Sir John Ambrose Fleming, nacido el 29 de noviembre de 1849 en Lancaster y fallecido el 18 de abril de 1945 en Sidmouth, fue un físico e ingeniero eléctrico británico cuya visión y descubrimientos marcaron el inicio de la era electrónica. Conocido como el «padre de la electrónica», Fleming transformó el mundo de las comunicaciones y la tecnología al inventar la primera válvula termoiónica, también llamada diodo o “Fleming Valve”.
Desde muy joven, Ambrose Fleming mostró un talento excepcional para las ciencias y las matemáticas. Hijo del reverendo James Fleming, creció en un entorno en el que la dedicación y el esfuerzo eran esenciales.
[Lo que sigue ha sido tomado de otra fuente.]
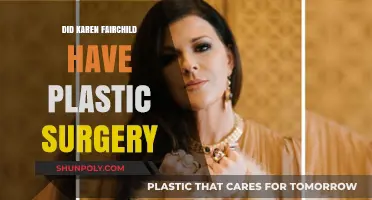 Karen Fairchild's Transformation: Plastic Surgery Speculations and Truths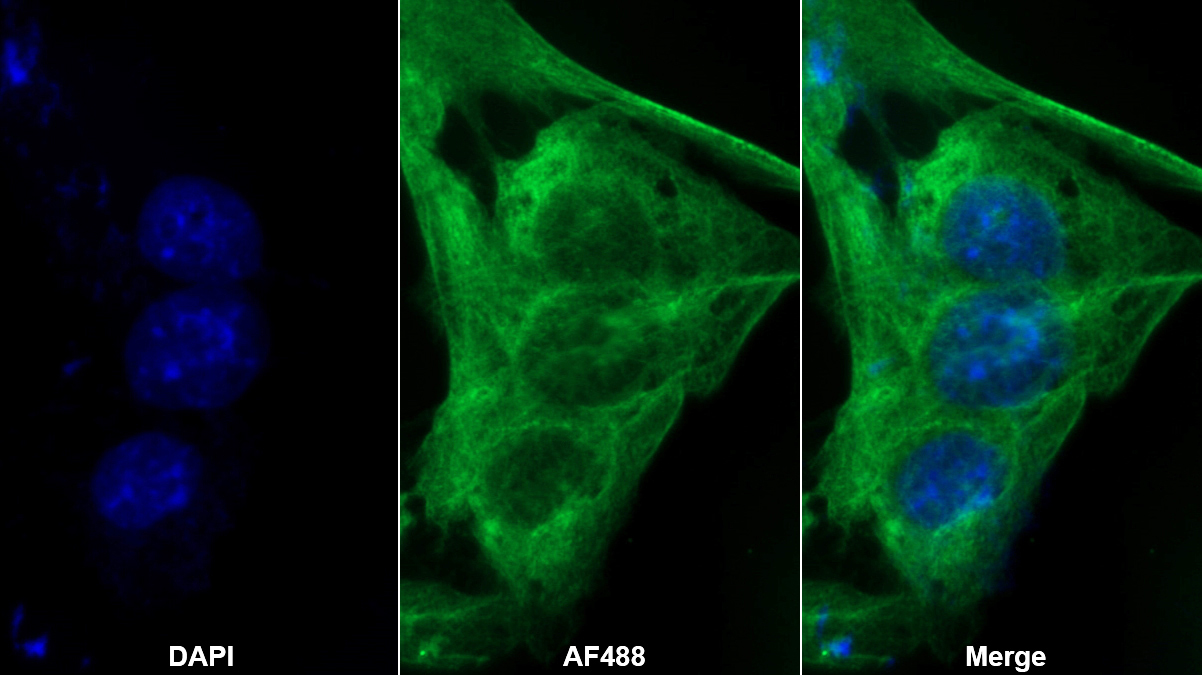 Monoclonal Antibody to Coagulation Factor II (F2)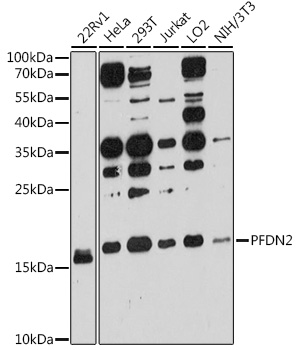 a11752 pfdn2 primary antiboties wb testing 1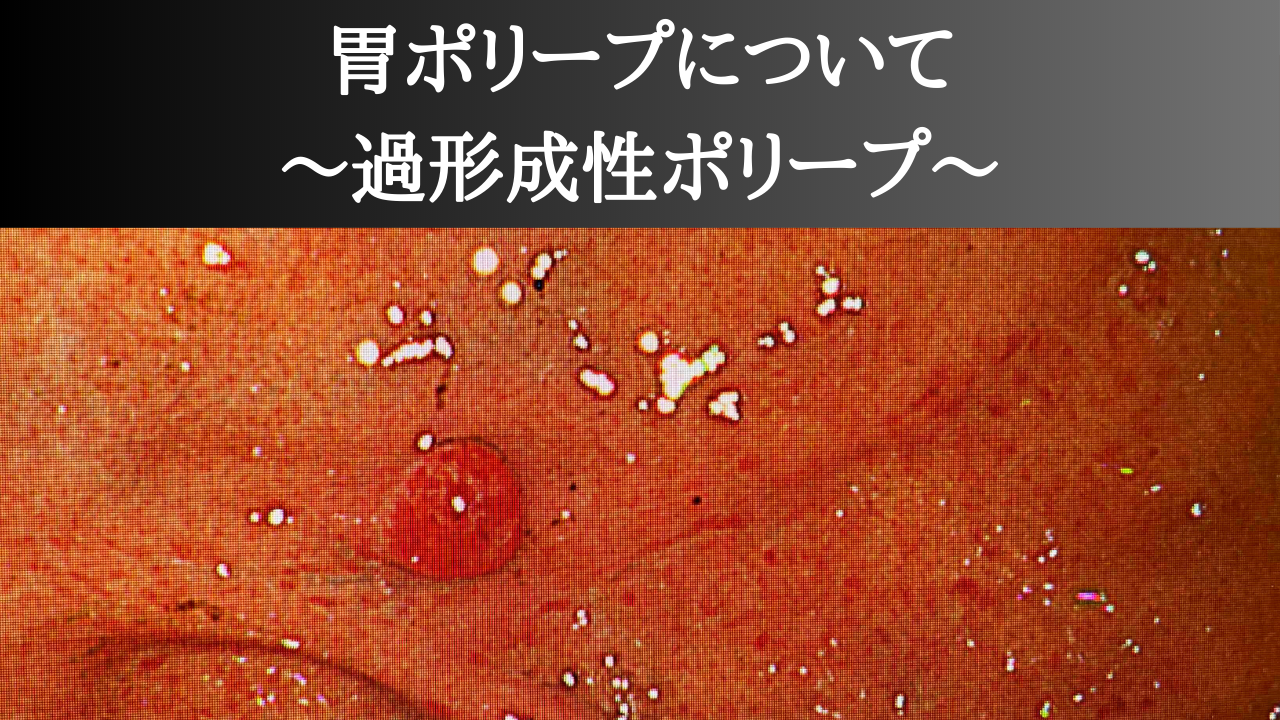 胃ポリープにはどんな種類があるの?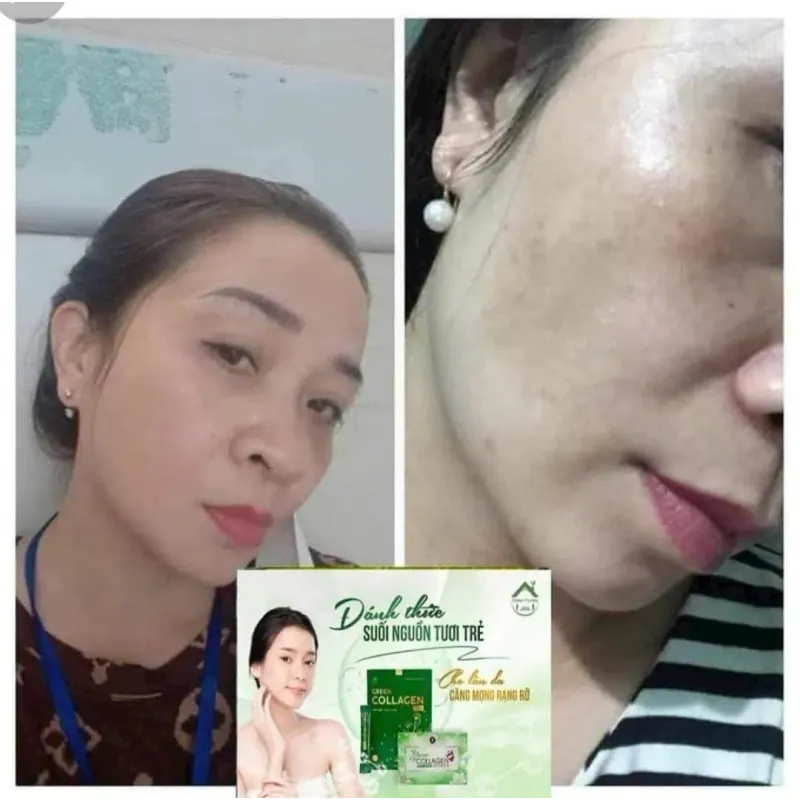 Diệp lục collagen đẹp da 971556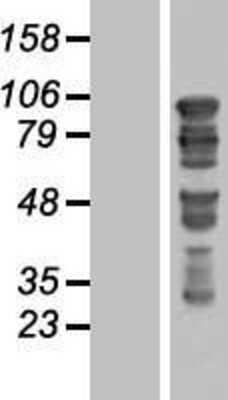 Western Blot: GTSE1 Overexpression Lysate [NBL1-11404]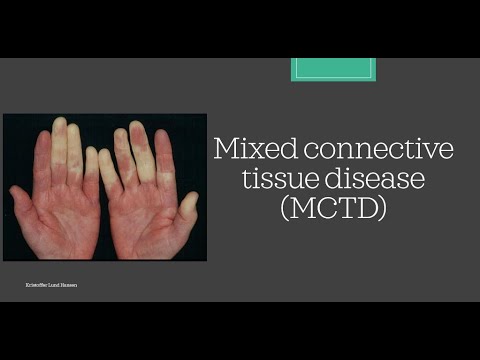 MCTD (Mixed Connective Tissue Disease) [Essential medicine]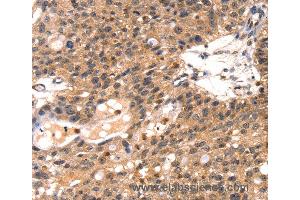 Immunohistochemistry of Human breast cancer using TLN1 Polyclonal Antibody at dilution of 1:35 (TLN1 anticorps)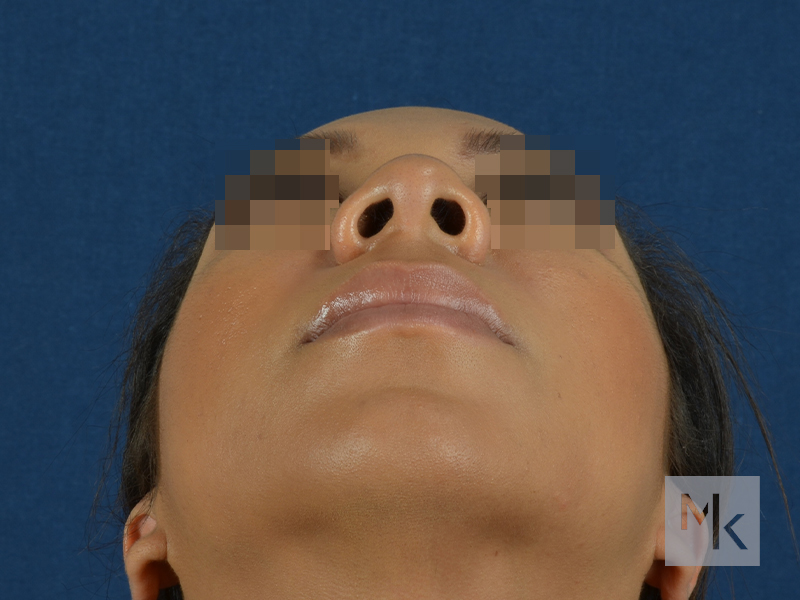 Rhinoplasty Before and After | Dr. Michael Kim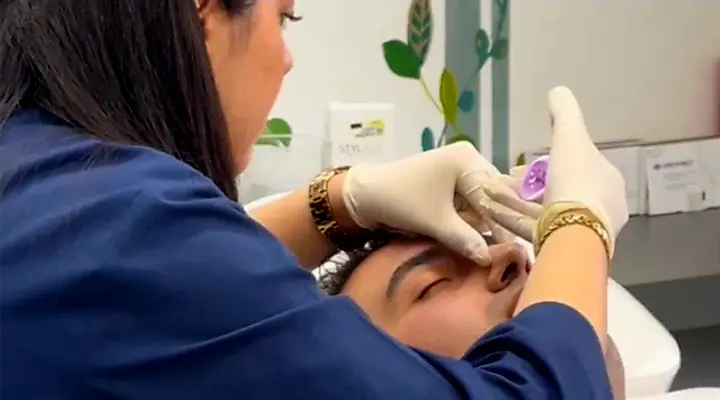 لیفت بینی بدون جراحی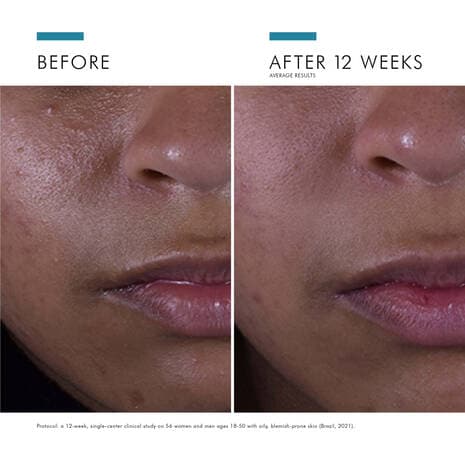 SkinCeuticals Silymarin CF by Monarch MD Medical Aesthetics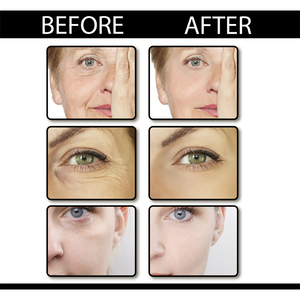 OUHOE retinol suero facial cuidado de la piel antienvejecimiento reafirmante hidratante pliegues nasolabiales estría <span class=keywords><strong>perioral</strong></span> suero eliminador para la cara - Product Image 4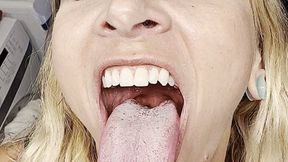 Mouth and Throat Showcase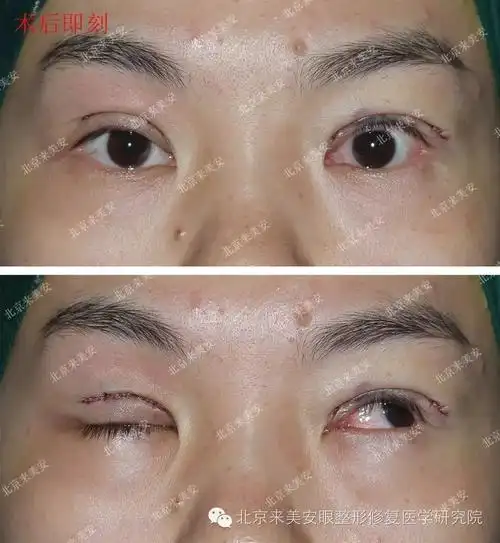 上睑下垂案例2015年8月18日b顾客术前术后1年对比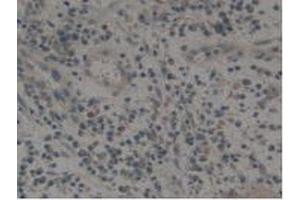 IHC-P analysis of Human Skin Cancer Tissue, with DAB staining. (Tissue factor Antikörper  (AA 34-251))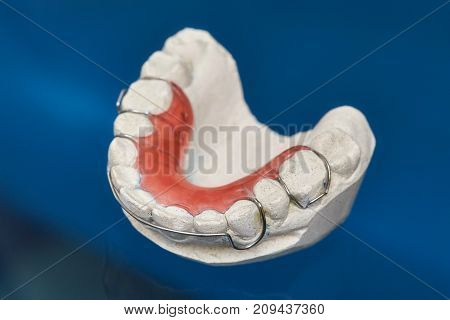 Colorful dental braces or retainers for teeth on black glass background closeup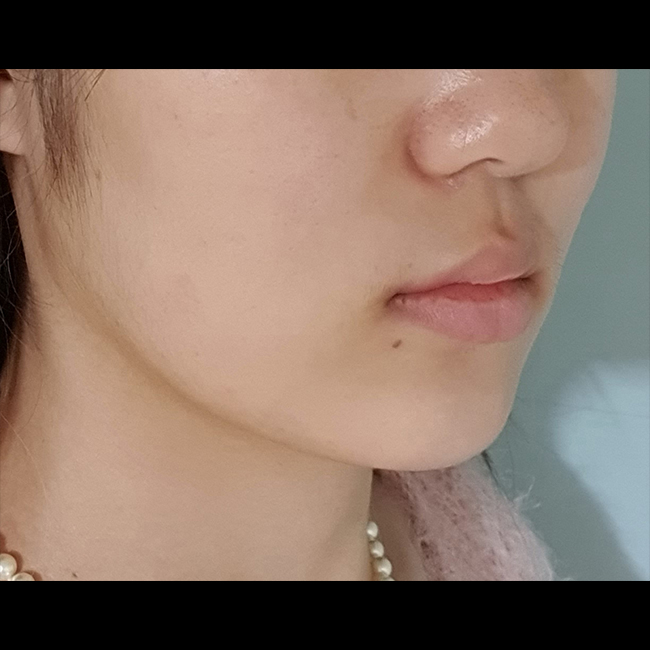 이중턱 전보다 줄어들어서 얼지흡 후회없어요!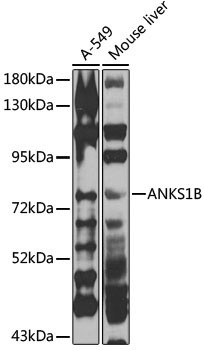 ANKS1B Rabbit Polyclonal Antibody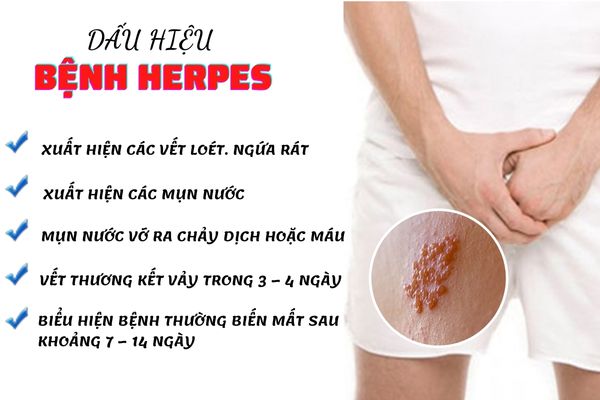 Dấu hiệu nhận biết bệnh Herpes nên lưu ý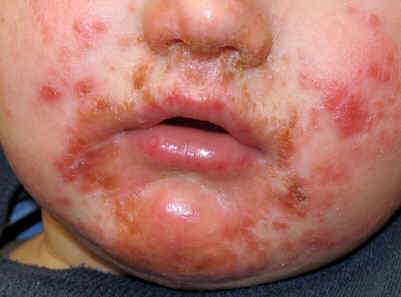 Impetigo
Su formación comenzó en la Lancaster Royal Grammar School y continuó en el University College School de Londres, donde se destacó en matemáticas y física. Posteriormente, Fleming se formó en el University College London, institución en la que obtuvo su licenciatura en Ciencias en 1870, y más tarde en el St. John’s College de Cambridge. Estos años formativos le permitieron establecer una sólida base en electromagnetismo, influenciado por las enseñanzas del mismísimo James Clerk Maxwell, lo que marcaría el rumbo de su carrera científica.
Carrera Profesional y Contribuciones Académicas
Primeros Pasos en la Ingeniería y la Docencia
Tras finalizar sus estudios, Fleming combinó la investigación con la docencia. Fue nombrado profesor en la Universidad de Nottingham y, posteriormente, se convirtió en el primer catedrático de ingeniería eléctrica en el University College London. Su pasión por la educación se reflejó en su capacidad para explicar conceptos complejos de manera clara y accesible, lo que le ganó el respeto y la admiración de sus alumnos.
Además, su rol como consultor técnico para importantes empresas, como la Edison Electric Light Company, le permitió aplicar sus conocimientos a problemas prácticos, sentando las bases para innovaciones futuras.
Asesor Científico en la Era de la Radiocomunicación
En 1899, el joven inventor Guglielmo Marconi, pionero de la telegrafía inalámbrica, reconoció el talento de Fleming y lo incorporó como asesor científico. Esta colaboración fue crucial para el desarrollo de tecnologías de comunicación a larga distancia, ya que permitió la aplicación de conocimientos sobre corriente alterna y electromagnetismo en el diseño de transmisores y receptores de radio.